At some point during the next year the American government will extract a huge sum of money from British taxpayers. It will happen via a multibillion-pound fine levied on Royal Bank of Scotland, which remains 73 per cent owned by taxpayers, for misselling residential mortgage-backed securities before the financial crisis.

The US Department of Justice recently hit Deutsche Bank with a $14 billion fine for the same offence. That levy, which sparked concerns about the German lender’s ability to pay, may be reduced. Expect the DoJ to demand at least as much from RBS, since the latter was a bigger player in the market. Deutsche wrote $67.3 billion worth of RMBS business. RBS acted as lead underwriter for some 250 such issues valued at $250 billion. It has so far set aside $5.6 billion for its likely punishment.

The US Department of Justice couldn’t care less that British taxpayers stand behind RBS

So what, you may say. The banks are getting their just deserts. But leave that aside for a moment and remember that regulators are charged with ensuring a safe operating environment for all market participants. At present the DoJ is not doing that. Rather its behaviour amounts to what some London-based bankers call “regulatory imperialism”.

Consider Deutsche Bank. The DoJ is demanding from it only $1 billion less than JP Morgan has paid in total settlement to the DoJ and all other US regulators involved, including compensation payments to investors, despite the latter writing $419 billion in RMBS — more than six times as much as Deutsche. Citi, which wrote roughly the same amount of RMBS business as Deutsche, had to pay a total of $7.2 billion in settlement, just over half as much as the DoJ alone wants from the Germans.
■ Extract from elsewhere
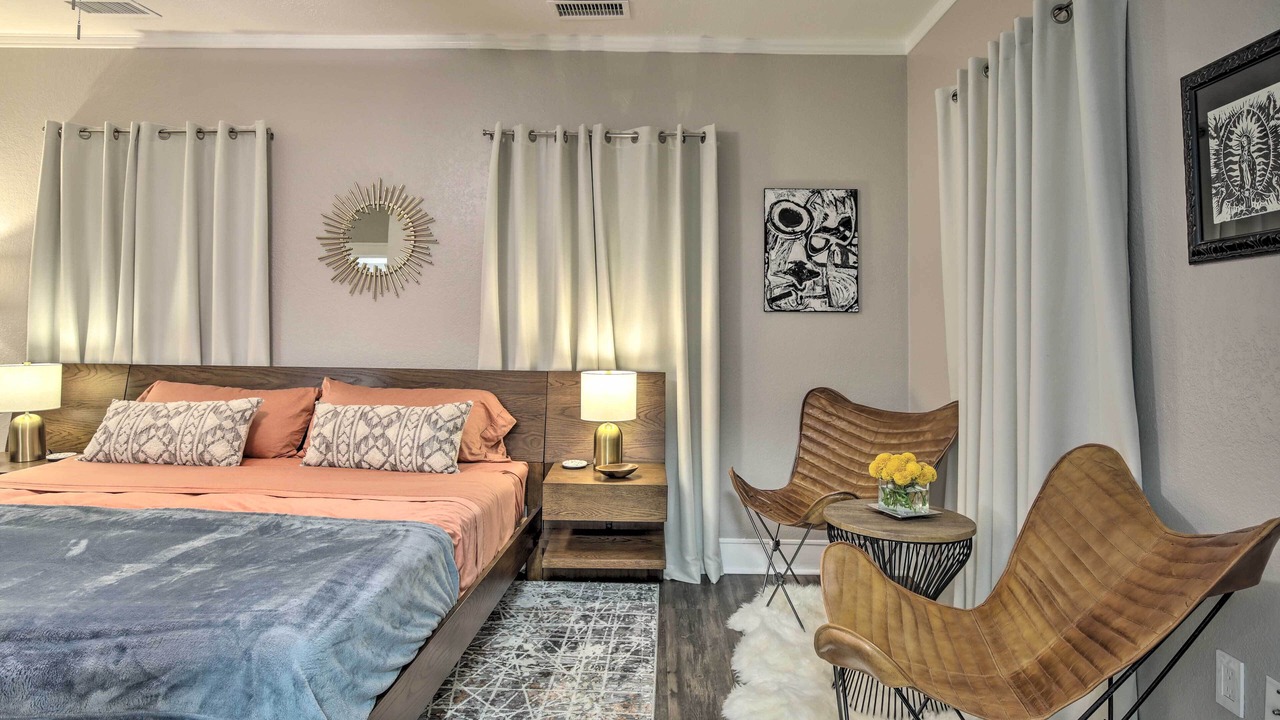 Photo of Bedroom in Lower Greenville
American authorities can do this because the US dollar is the global reserve currency. Non-American institutions have no choice but to pay these sums if they wish to continue trading in dollars. The classic example is Standard Chartered, which, in August 2012, paid $340 million to the New York state department for financial services for breaking US sanctions against Iran. The bank’s managers were privately furious and unfortunately its chairman, Sir John Peace, made that unhappiness public when, the following March, he told shareholders that there had been no deliberate sanctions-busting and that the breaches were clerical errors. Hours later the Americans summoned him to atone in person, obliging Sir John to retract his comments publicly. HSBC and Barclays, along with European banks such as BNP Paribas, have faced similar duffings-up.
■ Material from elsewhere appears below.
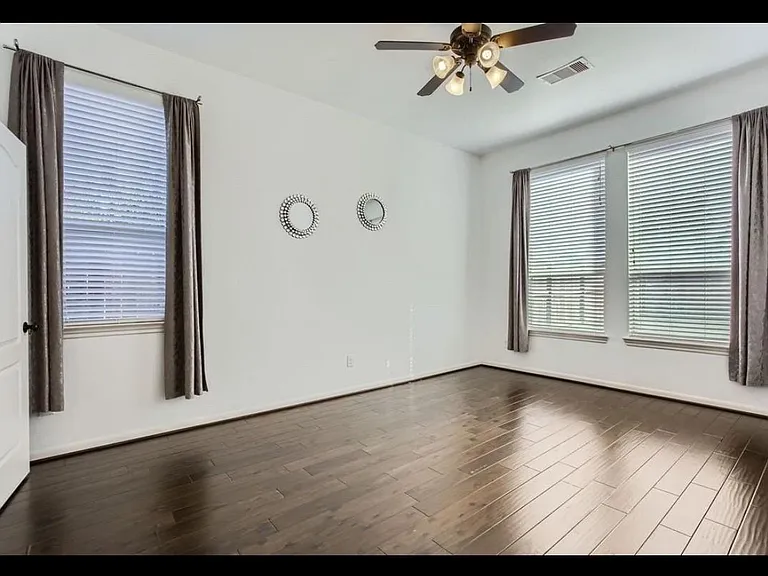 19251 N Cottonwood Green Ln — Photo 14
At best US regulators are rent-seeking to exploit the dollar’s international reserve status. At worst they are deliberately creating an uneven playing field to benefit their local operators at the expense of foreign rivals. Appeals to reason fall on deaf ears. The DoJ could not care less that Deutsche would struggle to pay its fine without a whip-round, to which German taxpayers may have to contribute, or that British taxpayers stand behind RBS.

With Donald Trump committed to putting the interests of American companies above those of rivals, such antics may become more common in the next four years.

Yet there is also a risk for the Americans. Mr Trump’s plan to slash taxes and let public spending rip, with disregard for the budget deficit, has already rattled the bond market. International investors will probably carry on buying US treasuries but that is not guaranteed. If China dumps the trillions of dollars worth of treasuries it has accumulated over the last decade or stages a buyer’s strike the dollar’s international reserve status will be tested like never before. If that status is diminished, so too will be the ability of US regulators to bully foreign banks.